City government could address density issues
February 24, 2011
Density can be a dirty word in Williamsburg.
In 2007, the city’s comprehensive plan proposed to raise downtown density restrictions from 14 to 22 units per acre through a permit process to attract new businesses. Intense opposition from a vocal resident group called “Stop-22” pressured the Williamsburg City Council into dropping the proposal.
Nearly four years later, density may be back on the table — albeit on a case-by-case basis.
“From a staff perspective, we see more people living downtown as a good thing,” Williamsburg Economic Development Director Michelle DeWitt said. “Saying that, we live in a democratic society.”
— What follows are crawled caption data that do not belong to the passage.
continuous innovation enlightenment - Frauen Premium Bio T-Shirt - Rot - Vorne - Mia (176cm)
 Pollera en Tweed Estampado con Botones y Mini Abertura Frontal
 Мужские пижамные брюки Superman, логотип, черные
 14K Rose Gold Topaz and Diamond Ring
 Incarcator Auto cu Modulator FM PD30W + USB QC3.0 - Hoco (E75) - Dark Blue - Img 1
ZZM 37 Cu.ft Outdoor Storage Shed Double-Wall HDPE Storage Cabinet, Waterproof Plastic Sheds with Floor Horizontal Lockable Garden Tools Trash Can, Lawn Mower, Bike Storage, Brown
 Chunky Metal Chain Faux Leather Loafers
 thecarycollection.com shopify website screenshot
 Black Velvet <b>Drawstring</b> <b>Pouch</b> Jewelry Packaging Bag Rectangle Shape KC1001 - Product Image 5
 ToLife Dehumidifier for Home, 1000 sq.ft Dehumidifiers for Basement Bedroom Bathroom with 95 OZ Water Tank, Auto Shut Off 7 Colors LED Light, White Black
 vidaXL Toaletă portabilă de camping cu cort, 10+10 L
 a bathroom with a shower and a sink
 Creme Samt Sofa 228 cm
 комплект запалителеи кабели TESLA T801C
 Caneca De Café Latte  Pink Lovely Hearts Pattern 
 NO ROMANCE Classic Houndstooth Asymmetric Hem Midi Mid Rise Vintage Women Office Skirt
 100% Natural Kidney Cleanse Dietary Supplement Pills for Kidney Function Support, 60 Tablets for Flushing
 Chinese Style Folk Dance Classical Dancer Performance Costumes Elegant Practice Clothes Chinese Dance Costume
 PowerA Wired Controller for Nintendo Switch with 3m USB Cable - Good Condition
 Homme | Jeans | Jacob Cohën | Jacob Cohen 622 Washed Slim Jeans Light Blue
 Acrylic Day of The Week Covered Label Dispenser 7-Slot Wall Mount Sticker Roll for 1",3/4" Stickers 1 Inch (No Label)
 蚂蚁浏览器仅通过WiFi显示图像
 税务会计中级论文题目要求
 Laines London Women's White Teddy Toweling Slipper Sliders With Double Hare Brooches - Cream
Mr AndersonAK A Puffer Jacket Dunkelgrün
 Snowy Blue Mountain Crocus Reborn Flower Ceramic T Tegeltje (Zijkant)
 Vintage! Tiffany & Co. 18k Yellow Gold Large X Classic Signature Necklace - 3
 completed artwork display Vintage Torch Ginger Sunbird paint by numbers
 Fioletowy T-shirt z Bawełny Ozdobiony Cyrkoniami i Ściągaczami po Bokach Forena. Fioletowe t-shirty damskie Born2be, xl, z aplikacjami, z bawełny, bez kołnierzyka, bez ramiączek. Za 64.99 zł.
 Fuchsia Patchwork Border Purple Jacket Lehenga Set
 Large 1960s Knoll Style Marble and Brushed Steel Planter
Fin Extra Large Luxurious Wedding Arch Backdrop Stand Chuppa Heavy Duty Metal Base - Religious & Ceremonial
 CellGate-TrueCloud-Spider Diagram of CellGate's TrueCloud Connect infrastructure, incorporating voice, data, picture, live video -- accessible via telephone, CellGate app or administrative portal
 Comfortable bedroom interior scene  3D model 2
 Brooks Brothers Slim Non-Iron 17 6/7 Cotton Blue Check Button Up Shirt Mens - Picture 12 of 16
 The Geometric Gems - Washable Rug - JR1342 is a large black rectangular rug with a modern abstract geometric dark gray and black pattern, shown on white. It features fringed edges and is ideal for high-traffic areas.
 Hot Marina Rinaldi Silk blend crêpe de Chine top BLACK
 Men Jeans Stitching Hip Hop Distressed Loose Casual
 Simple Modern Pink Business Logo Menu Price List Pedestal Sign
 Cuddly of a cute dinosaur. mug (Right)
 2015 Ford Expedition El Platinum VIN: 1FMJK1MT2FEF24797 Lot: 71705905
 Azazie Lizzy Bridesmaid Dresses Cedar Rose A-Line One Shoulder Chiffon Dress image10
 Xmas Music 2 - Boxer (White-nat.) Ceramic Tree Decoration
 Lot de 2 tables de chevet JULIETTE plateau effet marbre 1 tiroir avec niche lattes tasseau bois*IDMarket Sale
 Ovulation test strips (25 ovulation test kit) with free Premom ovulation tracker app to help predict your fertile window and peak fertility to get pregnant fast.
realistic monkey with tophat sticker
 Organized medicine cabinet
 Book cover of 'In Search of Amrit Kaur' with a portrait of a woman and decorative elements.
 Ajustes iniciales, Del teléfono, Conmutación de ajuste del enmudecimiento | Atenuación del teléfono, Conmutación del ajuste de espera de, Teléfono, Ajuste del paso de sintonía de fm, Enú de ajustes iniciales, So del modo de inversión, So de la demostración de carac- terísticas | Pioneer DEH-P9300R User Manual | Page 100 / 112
Although controversial, allowing exceptions to the city’s density restrictions could provide an outlet for economic development in targeted areas.
In the case of Tribe Square, an exception was made to accommodate the 14-unit student mixed-use building. Currently, the city allows 10 residential units per parcel of land.
“New zoning eliminated the 10 unit per parcel max, but 14 units per acre remained,” Planning Director Reed Nester said.
The city also granted an exception to allow four students to share individual units within the complex, Nester added.
According to City Councilman Scott Foster ’10, Tribe Square would not have been economically viable had the exception not cleared city council.
“Providing exceptions for density in focused areas downtown could really provide an impetus for redevelopment,” he said.
Between the arts district, the Capitol Landing Road focus group and overtures to the Williamsburg Shopping Center, Mayor Clyde Haulman set economic redevelopment as a top priority for this year. Few would argue attracting new businesses to Williamsburg is not a good thing, especially considering that 12 percent of the city’s commercial space is vacant. In the proposed arts district, the vacancy rate is 18 percent.
Increasing the population of downtown could lead to greater economic vibrancy and vitality, DeWitt said.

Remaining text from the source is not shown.